┌──

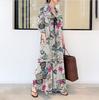 Nuevo 2024 estilo japonés coreano algodón lino estampado solapa manga larga bolsillo simple suelto casual vestido largo tipo camisa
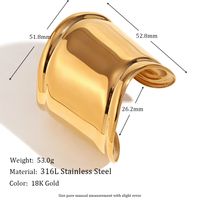 304 Stainless Steel 18K Gold Plated Simple Style Classic Style Solid Color Bangle sku image 2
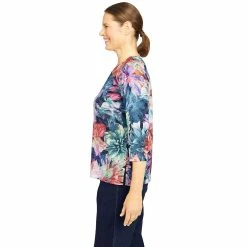 Women's Alfred Dunner Lake Placid Botanical Embellished Lace Applique Print Top -Alfred Dunner Shop 5907845 ALT3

└──

With the pictures left out, return the listing above exactly as it stands.

Task answer
 Nuevo 2024 estilo japonés coreano algodón lino estampado solapa manga larga bolsillo simple suelto casual vestido largo tipo camisa
 304 Stainless Steel 18K Gold Plated Simple Style Classic Style Solid Color Bangle sku image 2
 Women's Alfred Dunner Lake Placid Botanical Embellished Lace Applique Print Top -Alfred Dunner Shop 5907845 ALT3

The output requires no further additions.